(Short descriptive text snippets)
▶

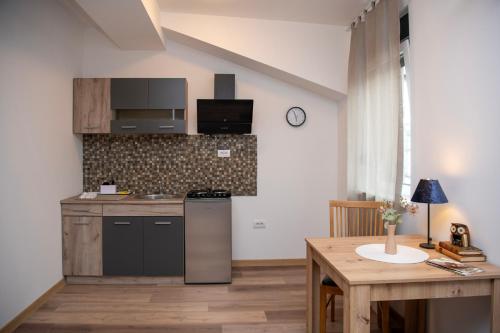 a kitchen with a stove and a table in a room at Velora apartments in Subotica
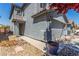 Two-story home features a well-maintained front yard and a convenient two-car garage at 11739 Village Arbor St, Las Vegas, NV 89183
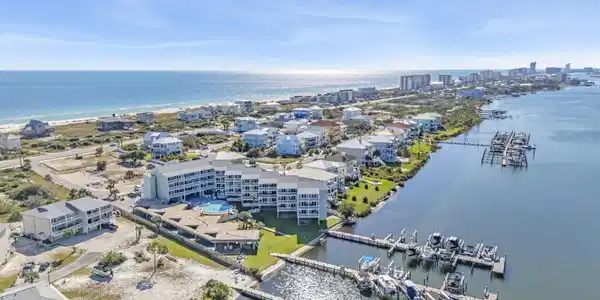 Image 2: Coastal property featuring a multi-story building, an outdoor pool, and private boat docks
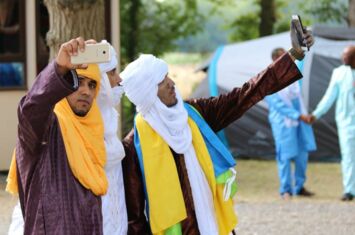 Drei Personen mit Handys beim Jahrestreffen der Tuareg-Diaspora in Frankreich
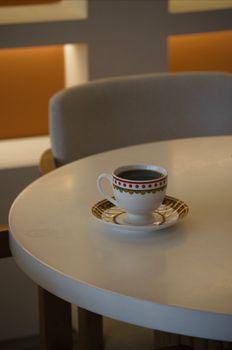 Artistic view of a coffee cup on a round table in a modern Turkish cafe setting.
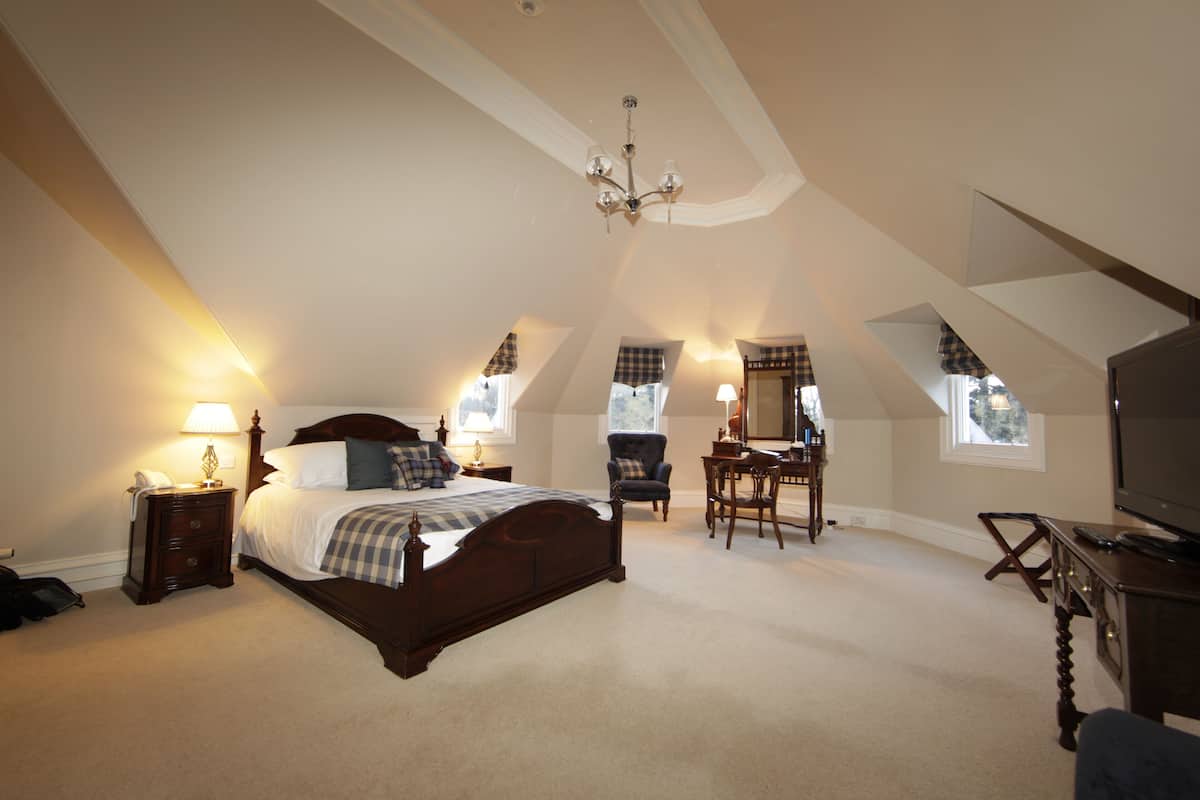 A bedroom with a large bed, a desk, a chair, and a television.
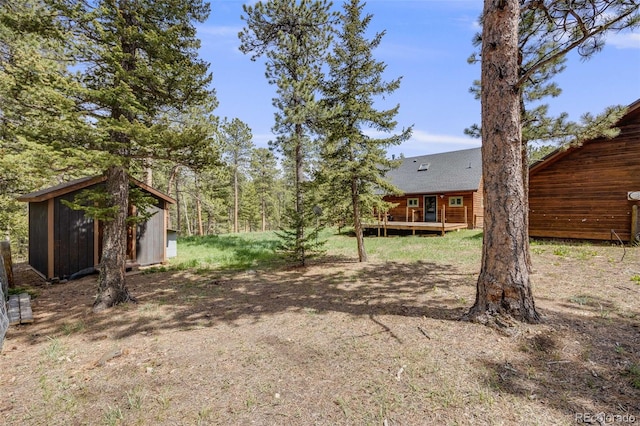 18247 State Highway 7, Lyons, CO 80540 - view of yard featuring a deck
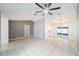 Spacious living room with tile flooring, a modern ceiling fan, and sliding glass doors to the patio at 3021 Jarvis St, Holiday, FL 34690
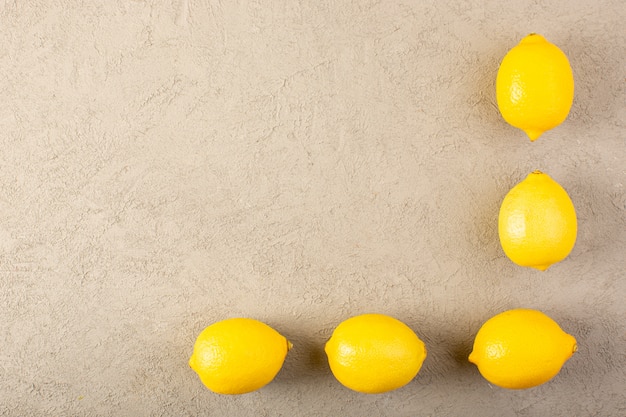 Foto grátis uma vista superior amarelo limões frescos maduros maduros e suculentos alinhado no fundo cinza frutas cítricas cor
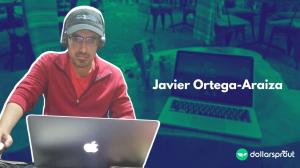 Photo of Javier Ortega-Araiza working on his laptop with headphones on.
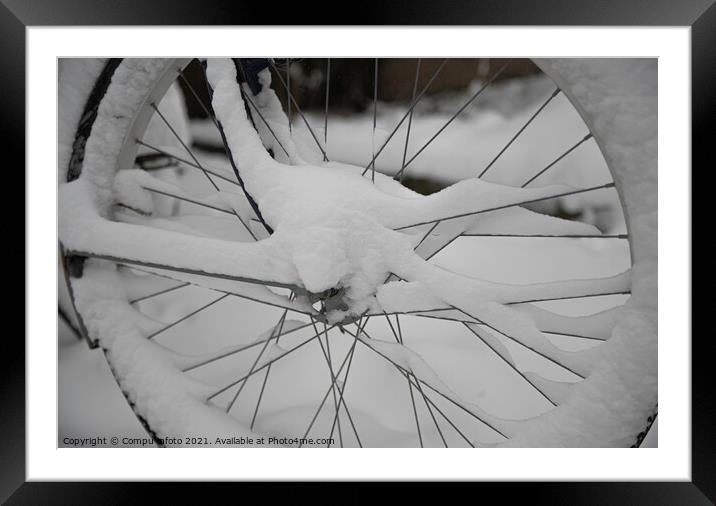 bike in the snow in winter  Framed Mounted Print by Chris Willemsen
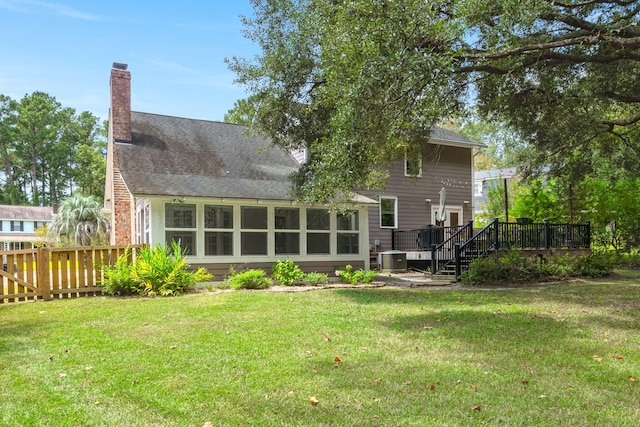 rear view of house with a deck, a yard, central AC unit, and a chimney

◀

DIRECTIONS FOR THIS TASK: Starting at the line with "Image 2: Coastal", reproduce exactly each line through the end of the entries, including the first and the last, and skip the pictures.

EXERCISE SOLUTION:
 Image 2: Coastal property featuring a multi-story building, an outdoor pool, and private boat docks
 Drei Personen mit Handys beim Jahrestreffen der Tuareg-Diaspora in Frankreich
 Artistic view of a coffee cup on a round table in a modern Turkish cafe setting.
 A bedroom with a large bed, a desk, a chair, and a television.
 18247 State Highway 7, Lyons, CO 80540 - view of yard featuring a deck
 Spacious living room with tile flooring, a modern ceiling fan, and sliding glass doors to the patio at 3021 Jarvis St, Holiday, FL 34690
 Foto grátis uma vista superior amarelo limões frescos maduros maduros e suculentos alinhado no fundo cinza frutas cítricas cor
 Photo of Javier Ortega-Araiza working on his laptop with headphones on.
 bike in the snow in winter  Framed Mounted Print by Chris Willemsen
 rear view of house with a deck, a yard, central AC unit, and a chimney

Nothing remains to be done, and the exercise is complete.